I rolled over in preparation for doing that very thing, but before I could do more, I had a sudden and unexpected bout of dry heaves that did my head no good at all. When I lifted my head and wiped my mouth with the back of my hand, I noted that there were two men standing in the doorway, frowning at me. Neither had made any move to help or—at least that I noticed—reacted at all.

I dry-heaved a couple of extra times to give myself a chance to examine the invaders of my walk-in-freezer cell.

The nearest man was tuxedo-model beautiful, with dark, curling hair, liquid-brown eyes, and a thousand-dollar suit that managed to show off the muscles beneath without doing anything so crass as being tight anywhere. There was something predatory in his gaze, and he had that spark that made one man more dominant than another without a word being said.

I’d been raised by werewolves. I knew an Alpha personality when I was in its presence.

The other man was at least fifty pounds heavier and three inches taller, with the face of a boxer or a dockworker. His nose had been broken a few times, and over his left eye was the sort of scar that you got when someone punched you in the eye and the skin around the socket split.

The pretty man radiated power, but this one . . . this one gave me nothing at all.

His eyes were brown, too, but they were ordinary eyes except for the expression in them. Something very cold and hungry looked out at me.

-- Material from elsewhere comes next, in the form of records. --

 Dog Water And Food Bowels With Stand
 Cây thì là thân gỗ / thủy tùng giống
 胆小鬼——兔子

He wore worn jeans and a tight-fitting Henley-style shirt.

Visually, I could have been dropped into a scene in some Italian gangster movie. There was no mistaking the Mediterranean origins of either one.

My nose told me the real story. Vampires.

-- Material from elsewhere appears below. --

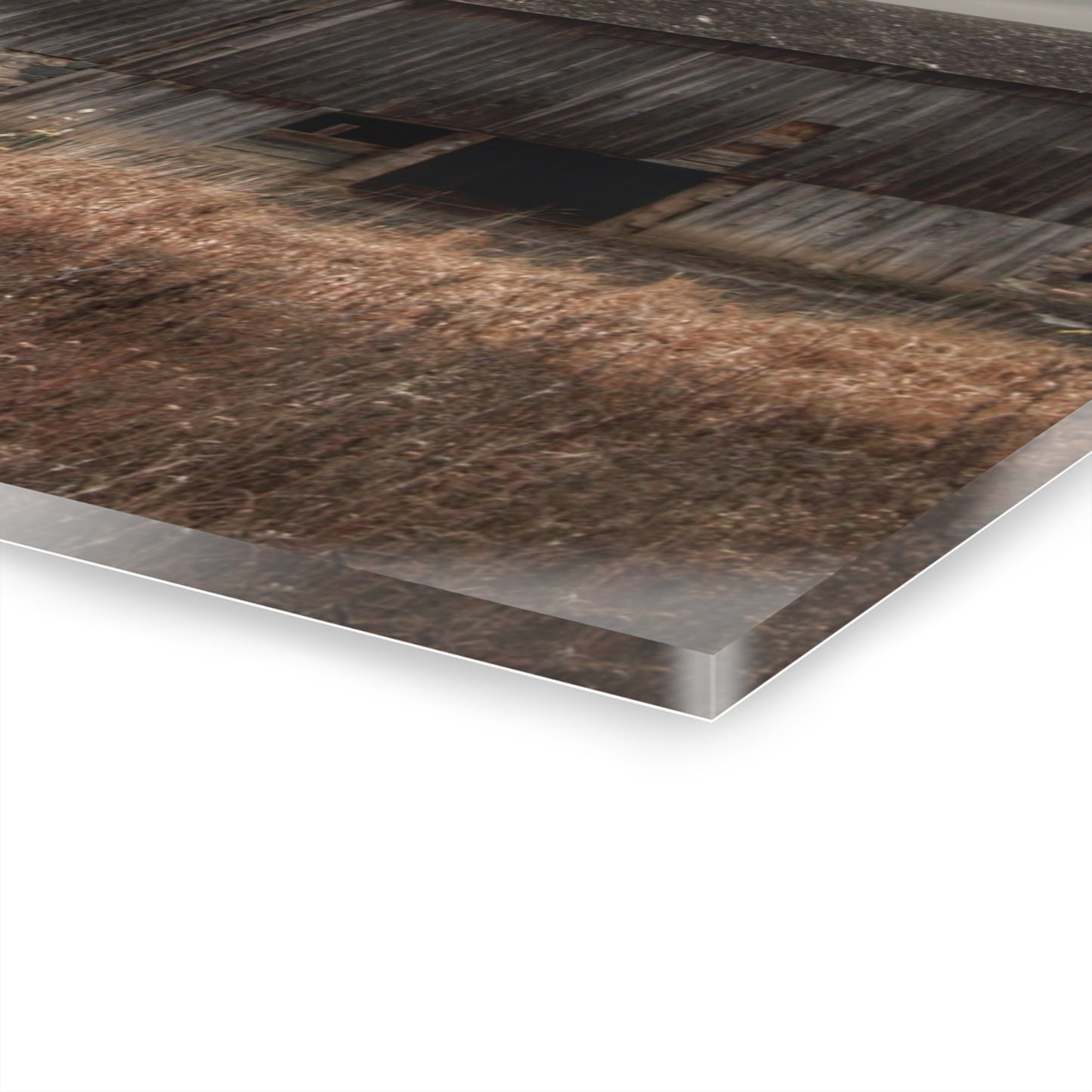 U R There Photography Majestic Grey Rustic Farmhouse Acrylic Wall Print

I was on my hands and knees, but standing up wasn’t going to help me fight off a pair of vampires, so I stayed where I was for a moment.

I was wearing my own clothes, but they were torn and stiff with my own dried blood—and that blood smelled like it was at least a day old. An unfamiliar, plain gold cuff around my wrist covered a nagging ache I hadn’t noticed before I moved. I reached up to make sure of what I was already pretty sure of—there was no necklace there. That meant I was missing my wedding ring, Adam’s dog tag, and my lamb—my symbol of faith that helped protect me from vampires.

I was missing something else. Something that mattered a lot more.